§ Material for this exercise
^^^^^^^^
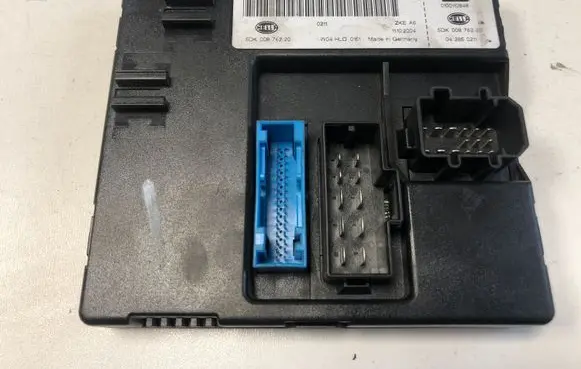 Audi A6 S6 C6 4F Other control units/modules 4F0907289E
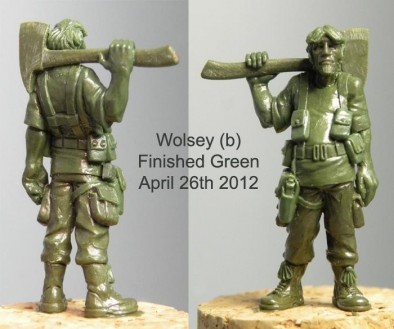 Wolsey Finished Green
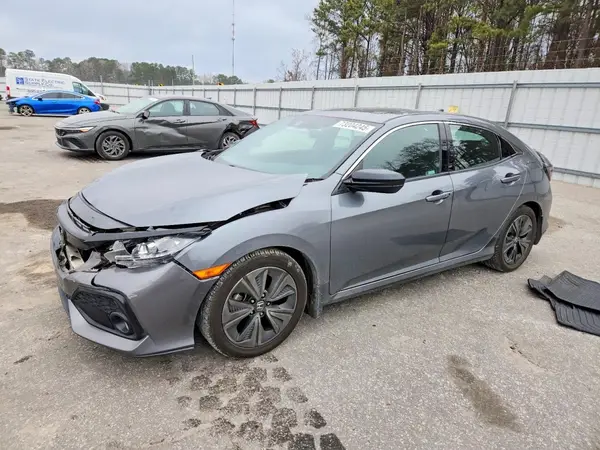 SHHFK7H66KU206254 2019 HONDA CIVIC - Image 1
^^^^^^^^
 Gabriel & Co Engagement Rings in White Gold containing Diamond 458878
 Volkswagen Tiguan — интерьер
^^^^^^^^
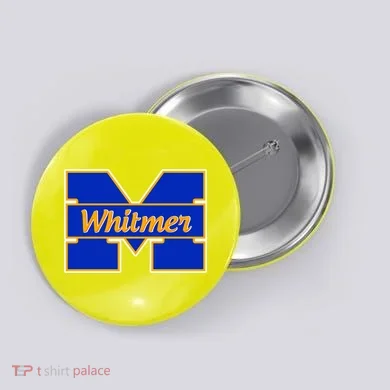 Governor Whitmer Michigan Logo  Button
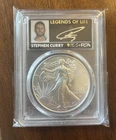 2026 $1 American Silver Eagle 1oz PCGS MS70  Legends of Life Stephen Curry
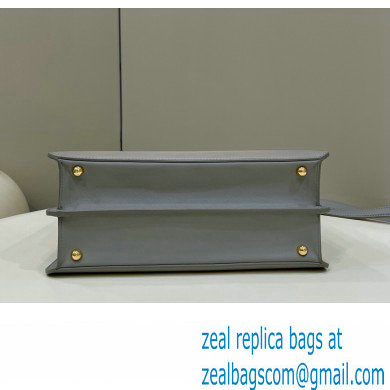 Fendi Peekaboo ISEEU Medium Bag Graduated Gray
^^^^^^^^
§ Task goal
Set the pictures aside and transcribe exactly the stretch of lines above, beginning with the one holding "Audi A6 S6 C6" and ending with the one holding "SHHFK7H66KU206254 2019 HONDA CIVIC - Image 1".

§ Finished exercise
 Audi A6 S6 C6 4F Other control units/modules 4F0907289E
 Wolsey Finished Green
 SHHFK7H66KU206254 2019 HONDA CIVIC - Image 1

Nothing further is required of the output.